What this task involves -
Range to output from the entries below: the line containing "First things first, before" through the line containing "Lone electron pair, bonder, bonder, bonder.". Set it down exactly, ends included, nothing else.

↓↓↓

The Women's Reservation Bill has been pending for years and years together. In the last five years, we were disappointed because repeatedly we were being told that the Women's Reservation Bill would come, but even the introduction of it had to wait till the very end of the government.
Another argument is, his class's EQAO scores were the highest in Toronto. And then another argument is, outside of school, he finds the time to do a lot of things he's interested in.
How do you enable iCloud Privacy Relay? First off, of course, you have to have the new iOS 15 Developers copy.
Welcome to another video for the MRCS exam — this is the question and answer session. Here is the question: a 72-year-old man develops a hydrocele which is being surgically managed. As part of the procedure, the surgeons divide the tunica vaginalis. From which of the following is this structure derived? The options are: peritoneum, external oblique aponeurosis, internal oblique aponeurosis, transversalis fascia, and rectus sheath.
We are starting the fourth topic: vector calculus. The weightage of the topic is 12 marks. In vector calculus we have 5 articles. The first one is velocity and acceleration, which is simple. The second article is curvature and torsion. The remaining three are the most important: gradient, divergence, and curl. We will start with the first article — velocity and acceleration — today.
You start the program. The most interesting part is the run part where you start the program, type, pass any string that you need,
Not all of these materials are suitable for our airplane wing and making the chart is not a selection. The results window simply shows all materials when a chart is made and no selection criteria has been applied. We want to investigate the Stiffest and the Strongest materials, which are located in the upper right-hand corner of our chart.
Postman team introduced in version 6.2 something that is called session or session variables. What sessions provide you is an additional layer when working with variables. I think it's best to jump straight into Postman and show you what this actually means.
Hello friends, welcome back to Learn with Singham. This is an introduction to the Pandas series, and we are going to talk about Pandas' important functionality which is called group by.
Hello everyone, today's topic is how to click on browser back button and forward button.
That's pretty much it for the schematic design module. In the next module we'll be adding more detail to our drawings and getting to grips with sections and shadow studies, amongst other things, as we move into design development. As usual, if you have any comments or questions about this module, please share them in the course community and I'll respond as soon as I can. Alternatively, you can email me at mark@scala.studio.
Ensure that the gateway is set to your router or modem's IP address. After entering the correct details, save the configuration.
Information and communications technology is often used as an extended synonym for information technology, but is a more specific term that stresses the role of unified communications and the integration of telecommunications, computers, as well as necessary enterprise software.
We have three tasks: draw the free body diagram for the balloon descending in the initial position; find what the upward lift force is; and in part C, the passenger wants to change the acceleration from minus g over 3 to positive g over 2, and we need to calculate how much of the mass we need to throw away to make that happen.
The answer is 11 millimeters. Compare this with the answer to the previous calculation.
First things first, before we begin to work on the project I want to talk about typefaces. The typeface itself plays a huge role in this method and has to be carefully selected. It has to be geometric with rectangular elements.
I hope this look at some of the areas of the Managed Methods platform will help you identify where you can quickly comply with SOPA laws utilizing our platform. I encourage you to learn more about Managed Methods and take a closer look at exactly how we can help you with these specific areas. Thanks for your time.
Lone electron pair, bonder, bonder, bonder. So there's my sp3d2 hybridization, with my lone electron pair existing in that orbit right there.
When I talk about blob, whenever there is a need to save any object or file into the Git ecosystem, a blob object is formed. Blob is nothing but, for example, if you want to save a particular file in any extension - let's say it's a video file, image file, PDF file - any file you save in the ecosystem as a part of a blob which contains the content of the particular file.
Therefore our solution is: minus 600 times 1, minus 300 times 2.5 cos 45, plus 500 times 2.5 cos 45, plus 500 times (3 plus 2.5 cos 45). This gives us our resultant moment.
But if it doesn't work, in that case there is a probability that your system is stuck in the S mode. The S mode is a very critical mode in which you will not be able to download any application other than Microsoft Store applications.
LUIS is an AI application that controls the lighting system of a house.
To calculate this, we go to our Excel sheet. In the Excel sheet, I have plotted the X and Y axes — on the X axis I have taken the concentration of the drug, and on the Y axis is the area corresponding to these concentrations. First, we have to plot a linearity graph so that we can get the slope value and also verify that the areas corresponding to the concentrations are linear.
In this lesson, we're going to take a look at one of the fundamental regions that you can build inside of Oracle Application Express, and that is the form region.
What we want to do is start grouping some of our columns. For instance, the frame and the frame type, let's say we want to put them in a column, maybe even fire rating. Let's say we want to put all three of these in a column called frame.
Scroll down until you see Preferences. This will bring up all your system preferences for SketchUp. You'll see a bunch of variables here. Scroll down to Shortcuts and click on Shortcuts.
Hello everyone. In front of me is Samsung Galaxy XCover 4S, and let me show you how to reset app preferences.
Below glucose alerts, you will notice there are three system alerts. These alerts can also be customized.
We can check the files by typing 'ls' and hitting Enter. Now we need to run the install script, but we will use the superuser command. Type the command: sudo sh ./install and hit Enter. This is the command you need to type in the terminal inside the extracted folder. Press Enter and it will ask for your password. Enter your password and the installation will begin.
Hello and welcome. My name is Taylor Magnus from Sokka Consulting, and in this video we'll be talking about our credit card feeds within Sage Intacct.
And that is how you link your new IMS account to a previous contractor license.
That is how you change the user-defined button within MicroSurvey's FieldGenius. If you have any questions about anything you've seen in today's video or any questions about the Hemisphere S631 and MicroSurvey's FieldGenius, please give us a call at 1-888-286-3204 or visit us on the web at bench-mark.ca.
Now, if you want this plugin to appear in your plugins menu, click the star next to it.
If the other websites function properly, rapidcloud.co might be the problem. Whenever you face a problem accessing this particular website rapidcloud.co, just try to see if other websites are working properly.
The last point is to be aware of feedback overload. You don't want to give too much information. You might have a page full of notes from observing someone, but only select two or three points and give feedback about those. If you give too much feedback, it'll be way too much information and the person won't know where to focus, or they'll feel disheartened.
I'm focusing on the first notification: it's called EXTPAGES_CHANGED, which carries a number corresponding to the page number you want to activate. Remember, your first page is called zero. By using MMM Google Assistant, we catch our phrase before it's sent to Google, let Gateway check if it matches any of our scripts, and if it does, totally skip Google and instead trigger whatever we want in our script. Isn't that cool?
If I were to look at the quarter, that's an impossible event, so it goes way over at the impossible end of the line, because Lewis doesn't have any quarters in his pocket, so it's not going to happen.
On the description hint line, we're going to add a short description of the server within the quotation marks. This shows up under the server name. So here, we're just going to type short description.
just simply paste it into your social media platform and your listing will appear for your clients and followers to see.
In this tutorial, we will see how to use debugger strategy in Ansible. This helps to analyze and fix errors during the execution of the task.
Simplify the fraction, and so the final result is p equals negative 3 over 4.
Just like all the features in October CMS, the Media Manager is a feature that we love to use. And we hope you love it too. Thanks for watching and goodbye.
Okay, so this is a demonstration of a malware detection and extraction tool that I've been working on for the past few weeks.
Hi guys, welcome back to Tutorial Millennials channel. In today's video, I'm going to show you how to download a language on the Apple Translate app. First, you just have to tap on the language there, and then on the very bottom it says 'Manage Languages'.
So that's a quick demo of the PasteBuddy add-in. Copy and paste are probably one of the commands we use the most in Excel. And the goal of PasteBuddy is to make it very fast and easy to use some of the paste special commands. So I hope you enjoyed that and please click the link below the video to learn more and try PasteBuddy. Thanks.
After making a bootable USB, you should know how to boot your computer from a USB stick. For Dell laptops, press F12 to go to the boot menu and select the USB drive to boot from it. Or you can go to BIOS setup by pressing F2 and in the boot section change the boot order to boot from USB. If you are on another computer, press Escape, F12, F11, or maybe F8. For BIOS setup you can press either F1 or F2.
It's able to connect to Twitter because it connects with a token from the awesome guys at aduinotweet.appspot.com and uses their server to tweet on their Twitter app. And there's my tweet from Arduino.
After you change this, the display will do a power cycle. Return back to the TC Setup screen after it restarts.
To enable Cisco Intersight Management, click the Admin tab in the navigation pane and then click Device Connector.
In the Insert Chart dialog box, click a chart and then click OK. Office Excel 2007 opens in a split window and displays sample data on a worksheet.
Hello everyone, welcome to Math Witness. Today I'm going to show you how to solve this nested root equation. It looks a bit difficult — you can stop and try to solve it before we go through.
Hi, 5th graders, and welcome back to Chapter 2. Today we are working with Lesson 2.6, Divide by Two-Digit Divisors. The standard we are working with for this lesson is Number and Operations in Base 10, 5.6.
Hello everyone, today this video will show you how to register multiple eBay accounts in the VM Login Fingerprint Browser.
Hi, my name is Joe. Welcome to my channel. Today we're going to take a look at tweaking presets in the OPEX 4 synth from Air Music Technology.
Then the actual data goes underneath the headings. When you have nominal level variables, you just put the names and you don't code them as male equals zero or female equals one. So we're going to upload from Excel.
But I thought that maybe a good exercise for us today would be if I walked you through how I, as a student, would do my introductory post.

↑↑↑

Answer to this task -
First things first, before we begin to work on the project I want to talk about typefaces. The typeface itself plays a huge role in this method and has to be carefully selected. It has to be geometric with rectangular elements.
I hope this look at some of the areas of the Managed Methods platform will help you identify where you can quickly comply with SOPA laws utilizing our platform. I encourage you to learn more about Managed Methods and take a closer look at exactly how we can help you with these specific areas. Thanks for your time.
Lone electron pair, bonder, bonder, bonder. So there's my sp3d2 hybridization, with my lone electron pair existing in that orbit right there.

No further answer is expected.